Wednesday, December 16, 2015

Reflection of my thoughts

They say, everything is fair in love and war. And my life, I feel it’s a war and I am in love with my own life.

                My heart is broken and torn and people think that I am still seeing someone…. When people can’t see my pain but they can imagine things about my life like anything. Be it in my office or anywhere, thanks to God that he made me this way that people keep making perceptions about me and keep  making me popular… even though they don’t know the real in me and they want me to be little talkative and bold. Why to do so?

                I love the way I enjoy myself in music (that’s what the Capricorns are made) I love the way enjoy partying and dancing and late-night outings, I love shopping at all time… I love the way I look myself… sometimes I just like to flow with whatever comes in my life!

I love being aloof and lonely… but sometimes I love attention… but I am not the one who can do anything just to grab attention.

I love my independence; I love myself the way I am. God gave me obstacles throughout my life but I loved the way I struggle to get over it.


I don’t talk much, I don’t laugh much but once I start I can’t stop myself. I do lots of masti with my close friends … I love late-night watching movies and doing experiment with my cooking. I love to be with my friends and family… I love to play with my niece and small children.

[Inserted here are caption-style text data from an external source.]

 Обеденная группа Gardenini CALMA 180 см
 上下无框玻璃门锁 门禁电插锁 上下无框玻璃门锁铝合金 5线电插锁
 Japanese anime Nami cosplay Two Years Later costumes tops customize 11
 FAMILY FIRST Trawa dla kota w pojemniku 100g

That’s the way Capricorns shyly express their naughtiness and just like other normal human being I do cry in the night! 

I love to experiment with my life, being the youngest one in my family I am the most problematic child of my parents but I love to keep challenging myself and I am really thankful to my God that initial stages of my life when I was so young – as a 12yrs old innocent and playful child, He made my life so tough that I became strong yet emotional throughout all these years. Nobody knows you well until you know yourself very well.

People think that I have an attitude, it shows on my face…… yes I have an attitude, so what? WHAT’S YOUR PROBLEM, GUYS? I love to throw it, but I am not a spoilt child...

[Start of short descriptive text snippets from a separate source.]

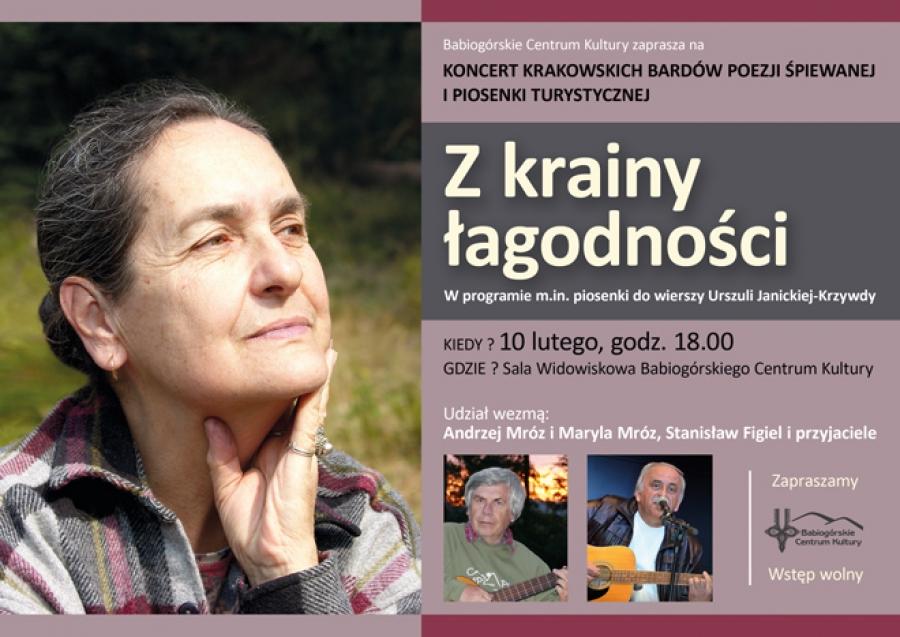 Zawoja. „Z krainy łagodności” – koncert krakowskich bardów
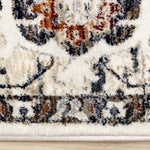 Serene 5'3" x 7'7" Intricate Border Area Rug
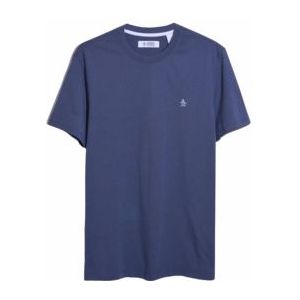 T-Shirt Original Penguin Men Pin Point Embroidred Logo Blue Indigo-XL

I am dusky but cute you know and yes evergreen young that’s what Capricorns are known for. I love to dance on my favourite tunes... I guess, I get serious face when it comes to work... and people say I am very restricted and silent. But this is I am and you will have to accept me as I am!

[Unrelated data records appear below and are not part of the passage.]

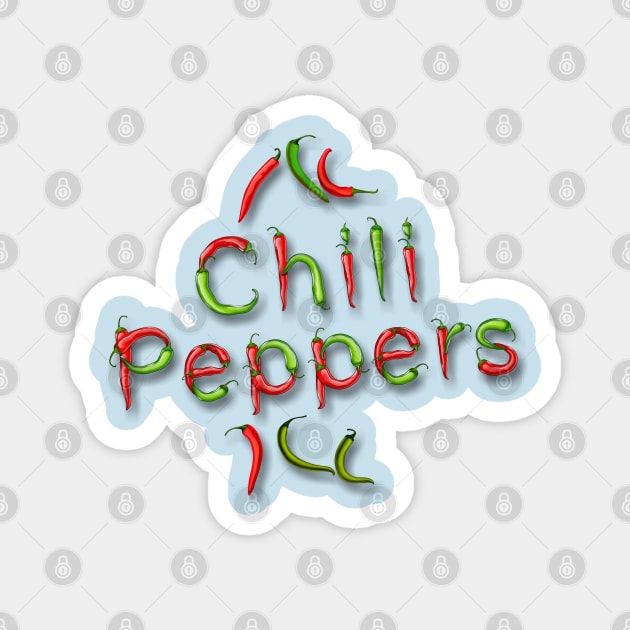 Chili Peppers Magnet by Peter Awax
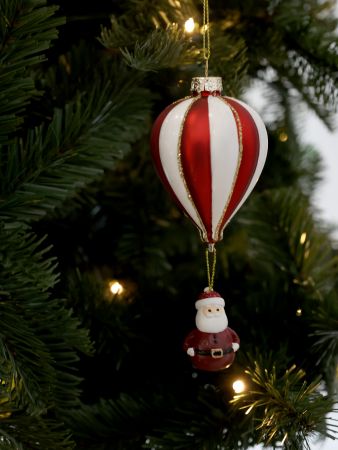 Joulukoriste Kuumailmapallo Santa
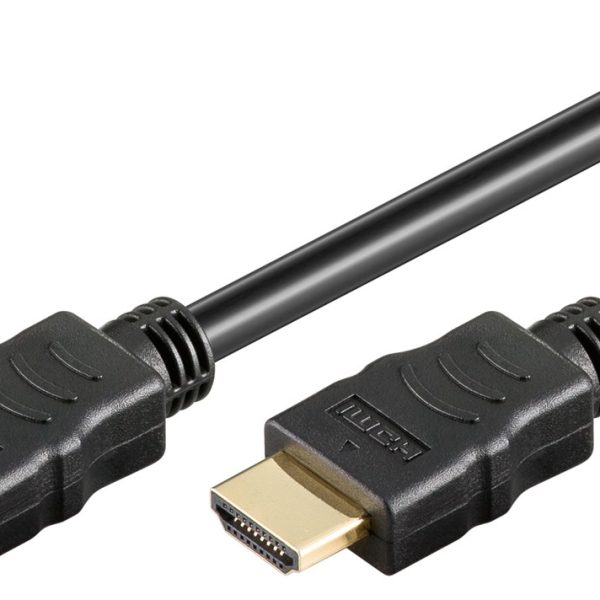 GOOBAY καλώδιο HDMI 2.0 61149 με Ethernet, 4K/60Hz, 18 Gbps, 0.5m, μαύρο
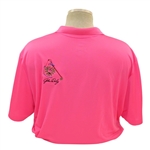 John Daly Signed Personal Match Worn 'Pink' Golf Shirt with Sponsors - 3XL JSA ALOA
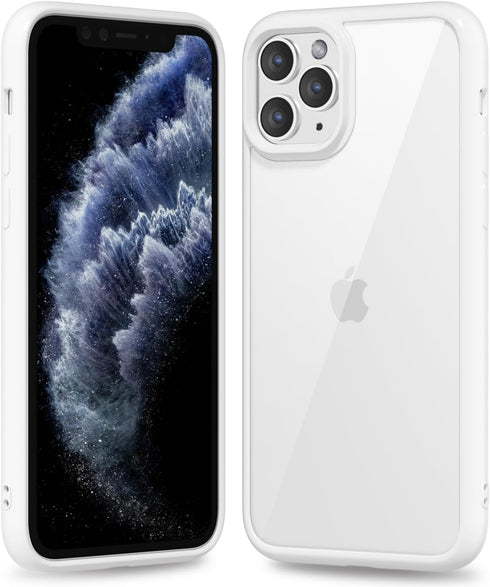 oakxco Thin Slim Clear case for iPhone 15 Pro Max, Transparent Hybrid Hard Shell Plastic & Soft Silicone Rubber Bumper, Non-Yellow Acrylic Protect...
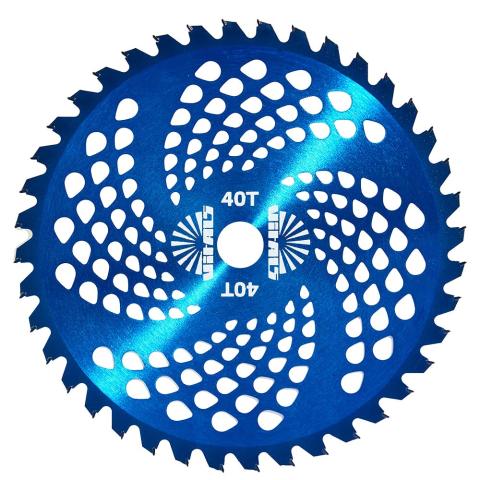 Ніж до мотокоси 40 зуб. (нерж.сталь) з гальванічним покриттям уп. Vitals Синій Ніж до мотокоси 40 зуб. (нерж.сталь) з гальванічним покриттям уп. Vitals Синій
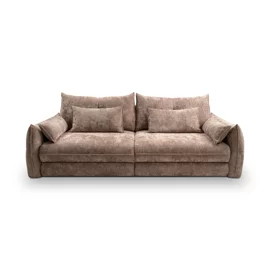 Canapea Extensibila Delphine, 246x119x87 H cm, Stofa Maro
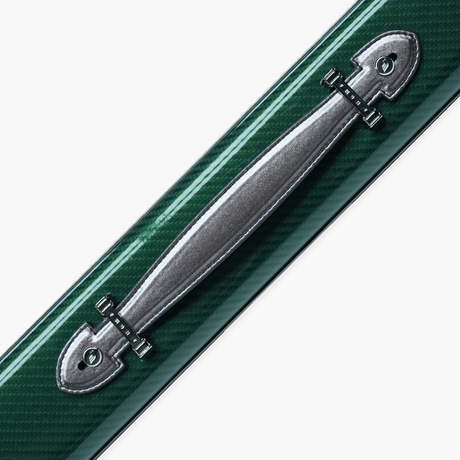 FFGM The Rocket Ronnie O'Sullivan 1 Piece 2 Slot Ultra Luxury Green Snooker and Pool Cue Case - Holds 2 x One Piece Cues Cue + Case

                Nobody knows when I start enjoying, I enjoy and when I am serious…. I am serious. When I say no its no only and when I say yes … its yes. When I will do that means I am going to do that thing no matter what will happen or how much time it will take

I do what I want, I aim for what I want, I challenge myself whenever I want and I follow what I have been told…. That what true Capricorns do. What do I do, that’s the way God has made me.  That’s me… I am what I am …!!!